**The problem**
Lines before the one containing "Icon Airflite Trick" are not copied; that line and every one after it, through the end of the material below, are printed exactly, without pictures.

**Data below**
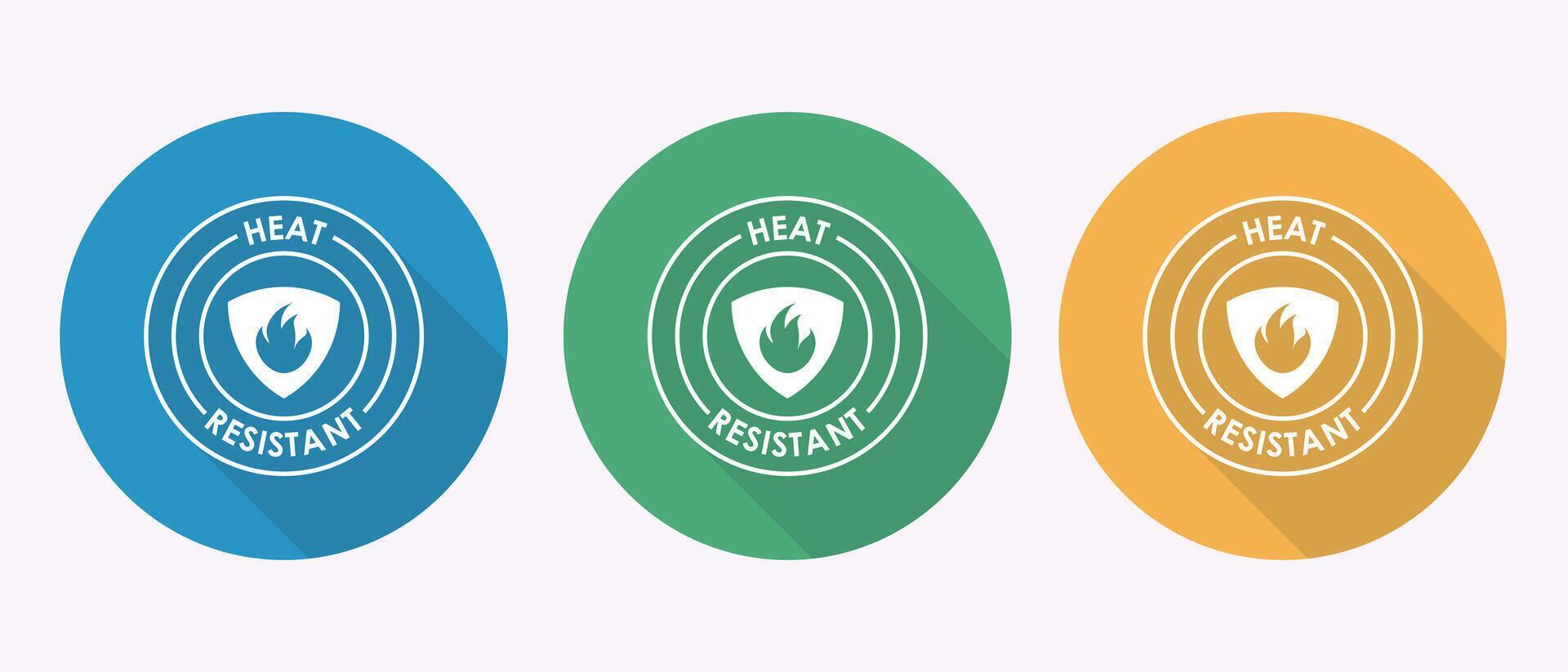 Heat Resistant icons in Blue Green and Yellow Circle Product Quality Assurance vector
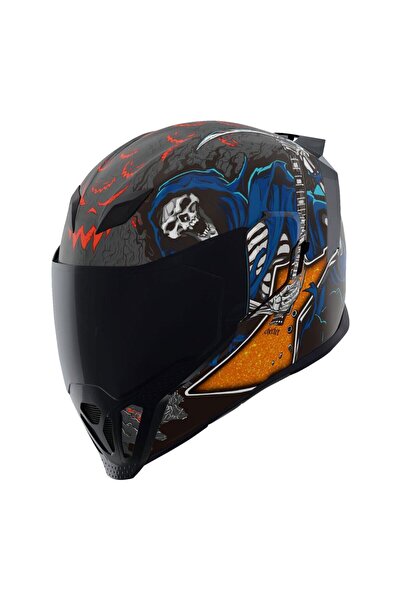 Icon Airflite Trick Or Street 4 Kapalı Motosiklet Kaskı Siyah Mavi Turuncu Kı...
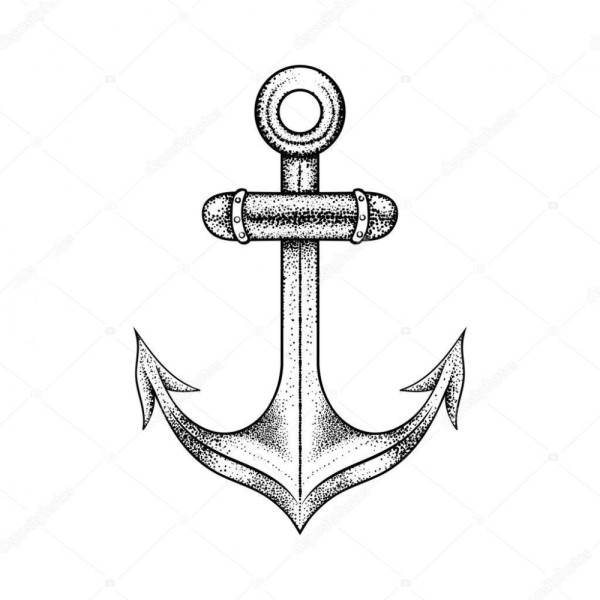 黑灰素描创意海军风精美船锚纹身手稿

**Task response**
 Icon Airflite Trick Or Street 4 Kapalı Motosiklet Kaskı Siyah Mavi Turuncu Kı...
 黑灰素描创意海军风精美船锚纹身手稿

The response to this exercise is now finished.